At least during the Watergate crisis, involving all three branches of government, the Republicans in congress were represented by people like Howard Baker, and Lowell P. Weicker, who had a modicum of integrity and called for their President to resign or that they would have recommended impeachment.
Nixon knew the jig was up. but Trump, cannot see beyond his own mirror.  "Mirror, mirror on the wall, I am the smartest one of all. Only I can fix, fix for all.  Let's have a war with Iran or Rocket man."

Now, the pusillanimous Mitch McConnell and Paul Ryan, who fear Trump's wrath and the base that supports him, are cognitively dissonant remnants of  how America has changed since the 1970s.  Cultural diversity has incited a backlash of racism fueled by ignorance and fear, mobilized by Trump and his ilk, spouting hatred and a simplistic notion of how the world will be a better place if only immigrants and brown people were deported, making America white again.   Well it will not happen. "Get over it," to quote the late Antonin Scalia from an interview on 60 minutes when Lesley Stahl asked him whether he was bothered by the court throwing the election to George W. Bush, who ultimately invaded the wrong country, destabilized the middle east and ranks just above Trump on the Presidential scale of incompetence.   But at least he had some dignity, and is peacefully imitating his idol Winston Churchill by painting as a pastime, as encouraged by the great one's essay.  The comparison ends there, of course.
This circus has not been relived in my lifetime.  Young people, afraid to go to school march in Washington to the deafened ears of congressional acolytes of the NRA, their pockets bulging with cash from donations of gun toting miscreants who really believe that the second amendment allows them to carry assault rifles to go hunting, in this case, with human children and students as their quarry.

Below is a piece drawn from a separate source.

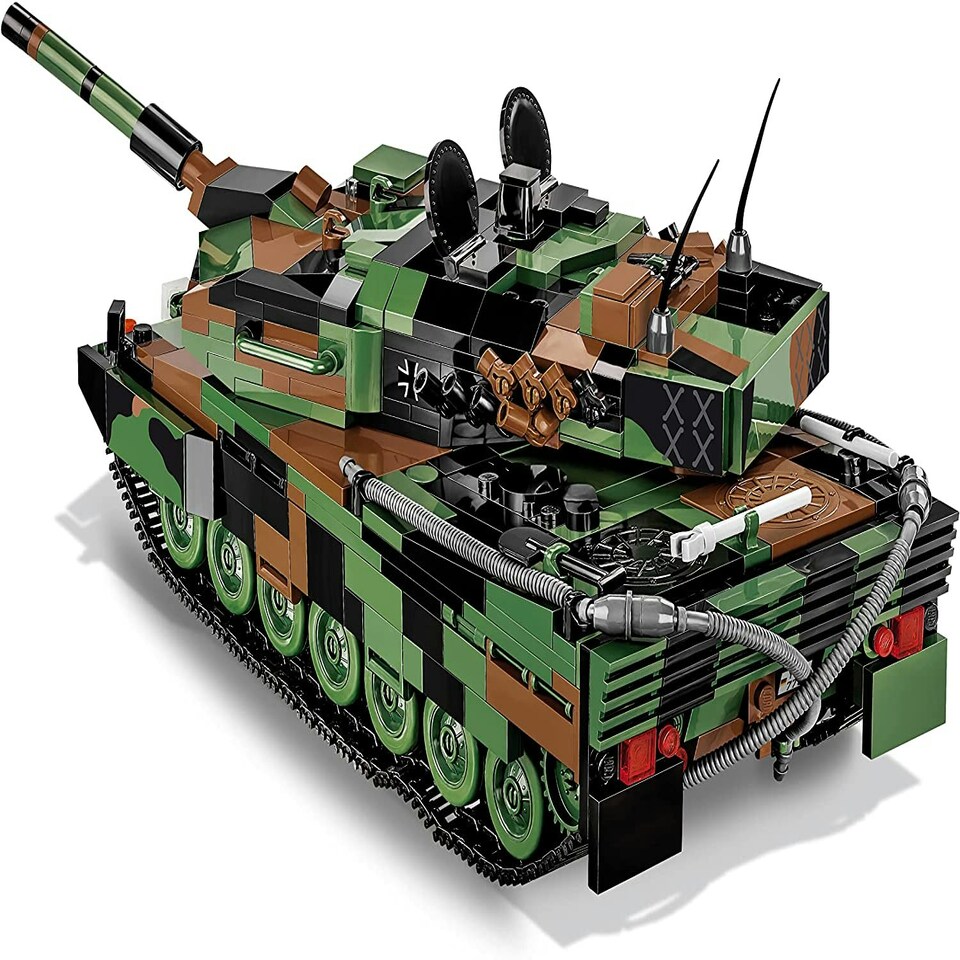 image 1 of Cobi - Armed Forces - LEOPARD 2A5 TVM (945 Pieces)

The second amendment should be repealed as argued by Bret Stevens, hardly a liberal, who writes that
"From a national-security standpoint, the Amendment’s suggestion that a “well-regulated militia” is “necessary to the security of a free State,” is quaint. The Minutemen that will deter Vladimir Putin and Kim Jong-un are based in missile silos in Minot, N.D., not farmhouses in Lexington, Mass."
His essay also argues that regulating guns from a "prospective right" Constitutional guarantee than from a privilege point of view, such as a driver's license, is an easier task.  No one wants to stop legitimate hunters, and farmers from shooting rodents and hunting Bambi or protecting themselves in their homes.
Turning schools into shooting galleries does not seem a wise solution either.

The young people who march will soon be voters, hoping to chase from office those who insouciantly treat their lives as fodder for gun-toting lunatics.






 

1 comment:

  1. David,

    The problem is not Trump. It's those Congresspeople, who are afraid of Trump's base, and to whom it has not occurred that if those are the sentiments they represent, maybe they shouldn't want to represent them.

    As for the Second Amendment, Stephens is slightly right. But the Amendment is about civil defense. It has nothing to do with guns. Guns are never mentioned. It's true, as Stephens says, that owning muskets today would be quaint. So would owning assault weapons. The purpose of the Amendment is to enable militias, which were seen as necessary both to support the Union from outside invasion and to support the states from unreasonable domination by the (federal) Union. In the spirit of the Second Amendment, citizens should have whatever "arms" would be necessary to repel outside invaders and the federal government. They need far more than assault weapons. Once anyone agrees that citizens should not own hand grenades, flame-throwers, tanks, fighter jets, submarines, aircraft carriers, and nuclear weapons, they have surrendered any meaning the Second Amendment had. And once we get there, it's time to repeal the Amendment. Which it now way past is.